The image-to-text endpoint allows you to analyze an image and ask questions about its content via the WetroCloud API.
This endpoint supports two response formats to suit different use cases:

  • Free Text Response: A natural language answer to your query.
  • Structured Output Response: A structured JSON output (Coming Soon…).

Each response type has unique request and response formats, which are explained in detail on their respective pages.

Free Text Response

Free text response provides natural, conversational-style answers to your queries. It is ideal for general Q&A and scenarios where a narrative or contextualized explanation is needed.
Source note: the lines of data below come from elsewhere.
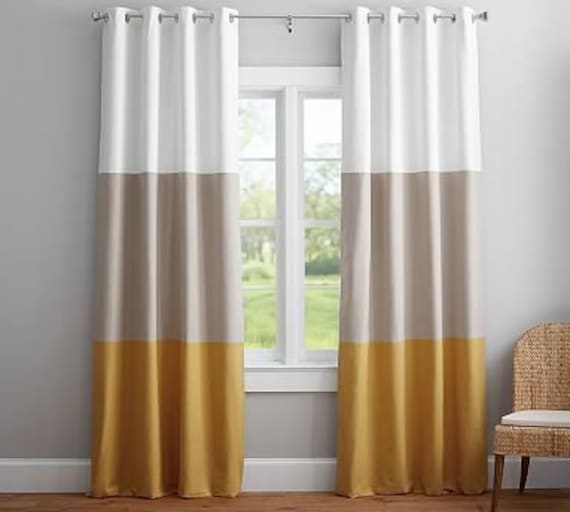 Set of 2 Linen Curtain Color Block Curtain Color Block - Etsy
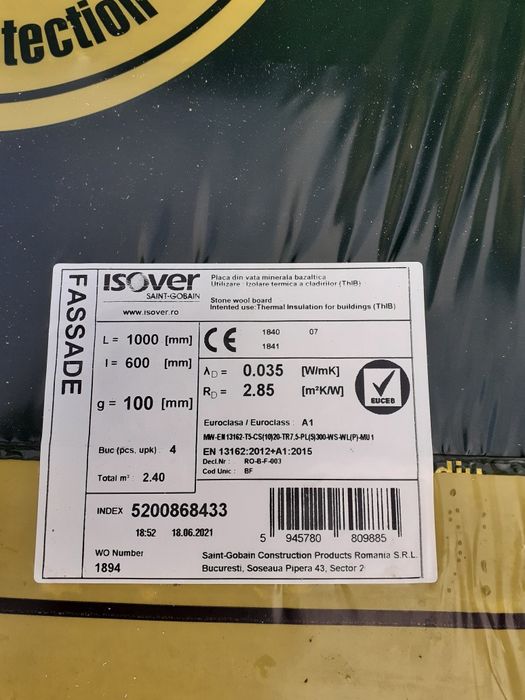 VATA bazaltica fatada ISOVER de 10cm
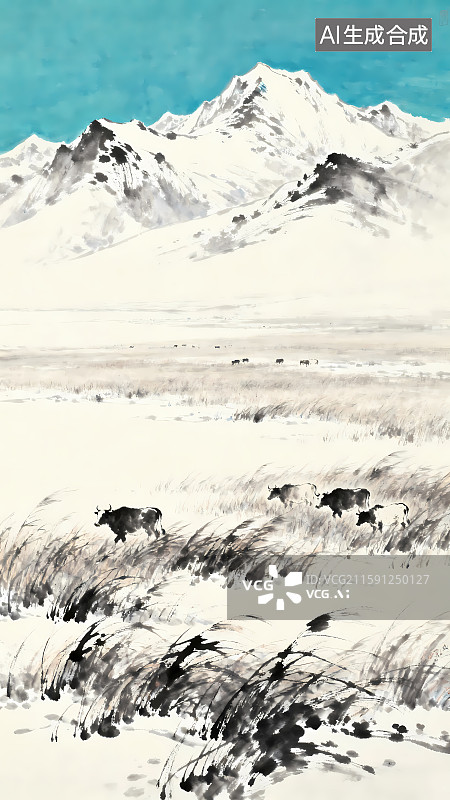 【AI数字艺术】水墨画敕勒歌图片素材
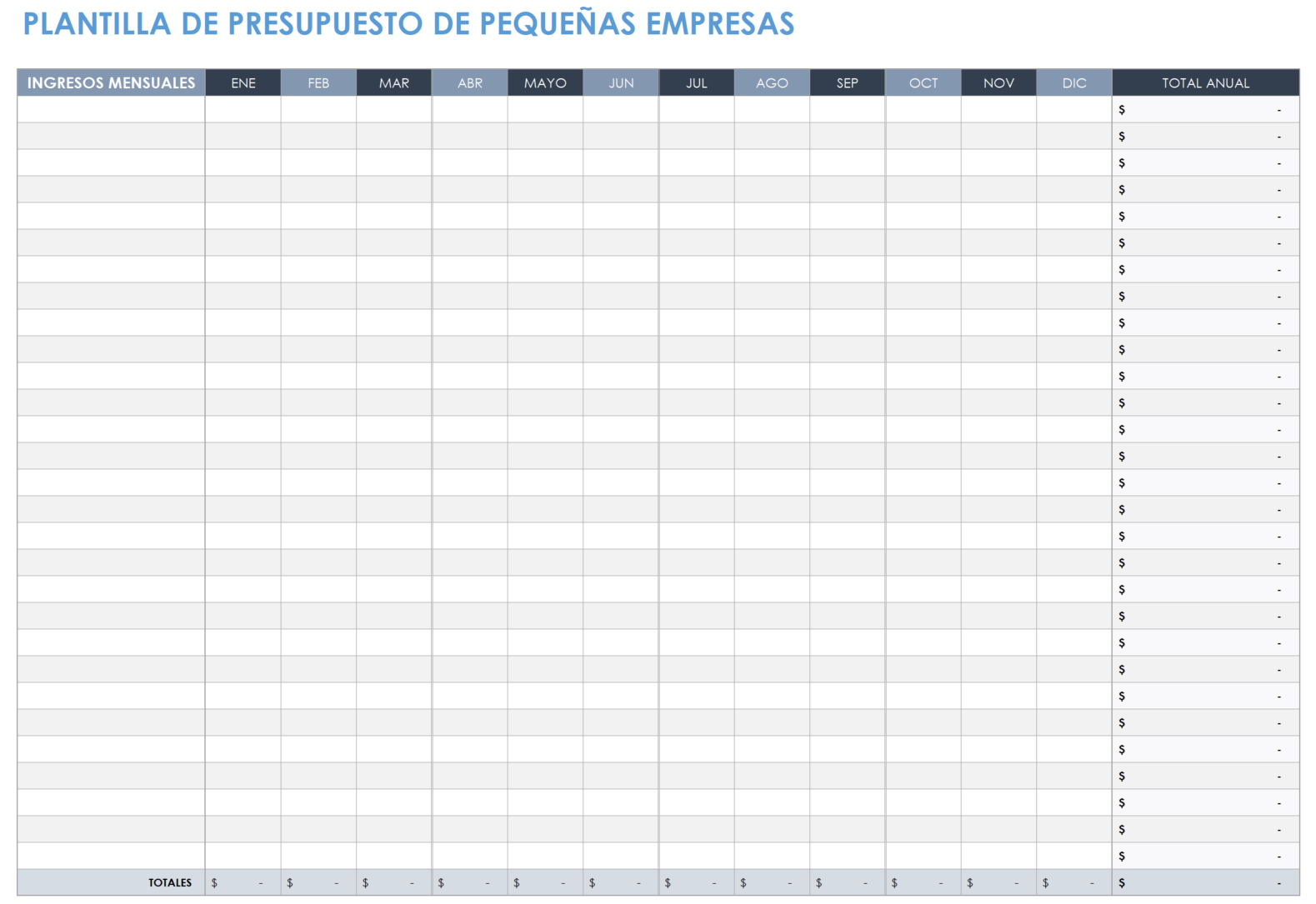 Presupuesto para pequeñas empresas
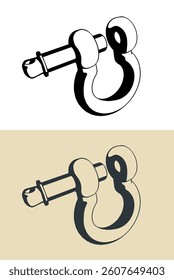 Crosby shackle stylized vector illustrations
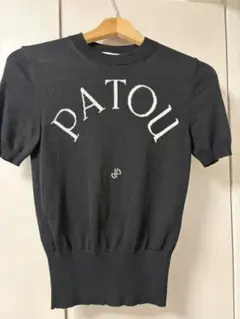 PATOU ブラック 半袖ニットセーター M パトゥ PATOU ニット セーター Tシャツ カットソー サマーニット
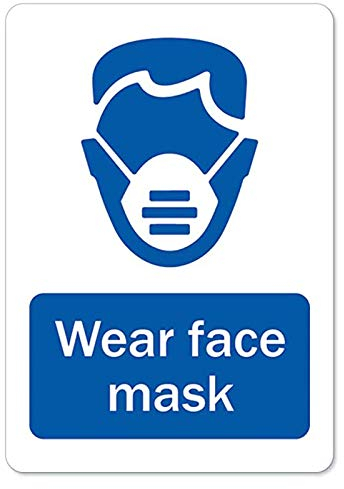 Warnschild mit Aufschrift Please wear a face mask, 300 x 200 mm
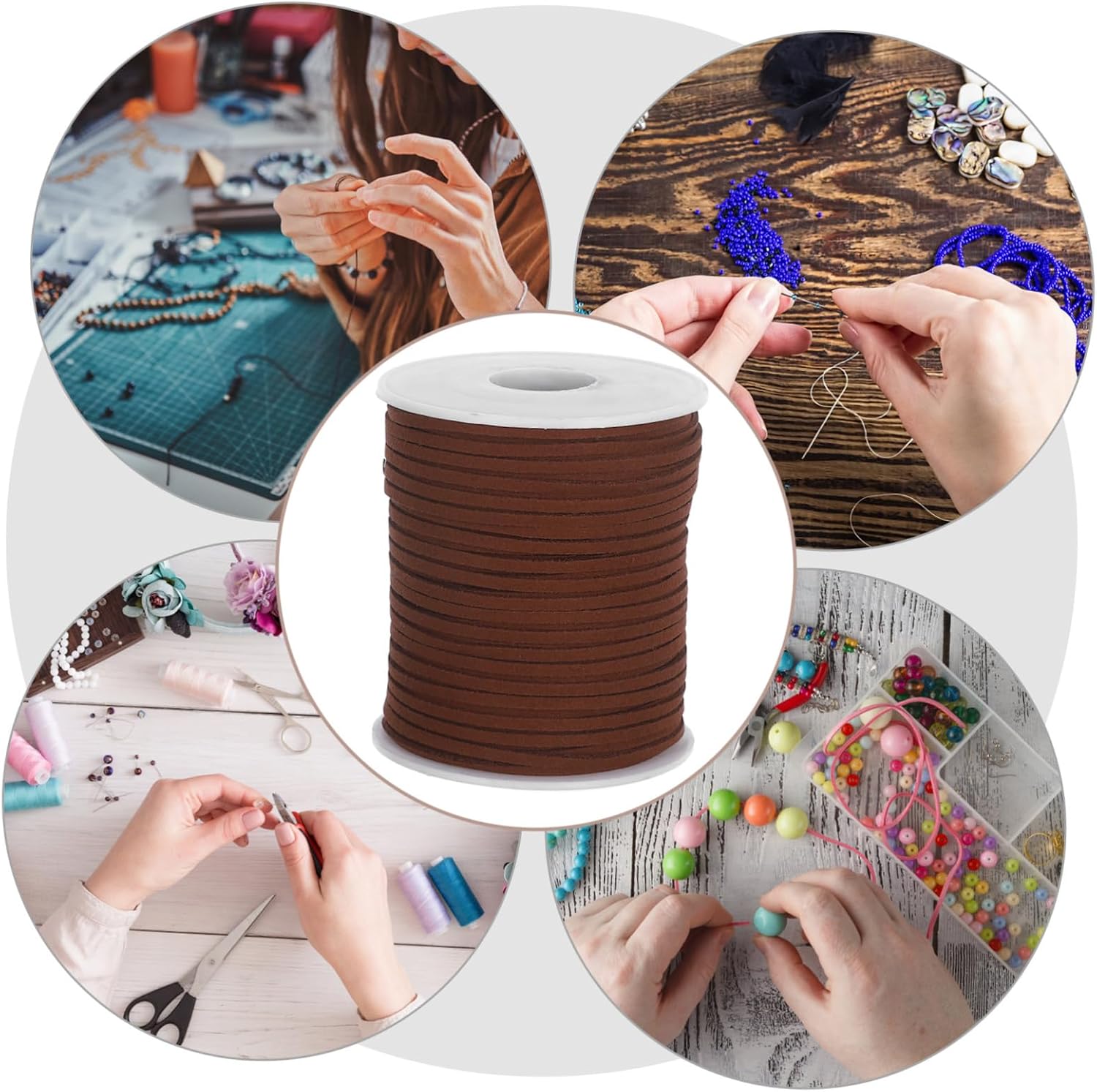 TEHAUX 1 Roll Faux Suede Cord String Yards for DIY Crafts Flat Leather Ribbon for Bracelet Necklace and Bowknot Making Supplies Easy to Cut and Knot Artisan Quality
Unlike structured output, free text does not require additional parameters like json_schema and json_schema_rules.

Request Example

curl --request POST \
  --url https://api.wetrocloud.com/v1/image-to-text/ \
  --header 'Authorization: Token <api-key>' \
  --header 'Content-Type: application/json' \
  --data '{
    "image_url": "https://encrypted-tbn0.gstatic.com/images?q=tbn:ANd9GcTQBQcwHfud1w3RN25Wgys6Btt_Y-4mPrD2kg&s",
    "request_query": "What animal is this?"
  }'

Response Example: Free Text

{
    "response": "This is a dog, specifically a Labrador Retriever.",
    "tokens": 1594,
    "success": true
}
FieldDescription
responseConversational response to the query.
tokensNumber of tokens used for processing.
successIndicates whether the query was successful.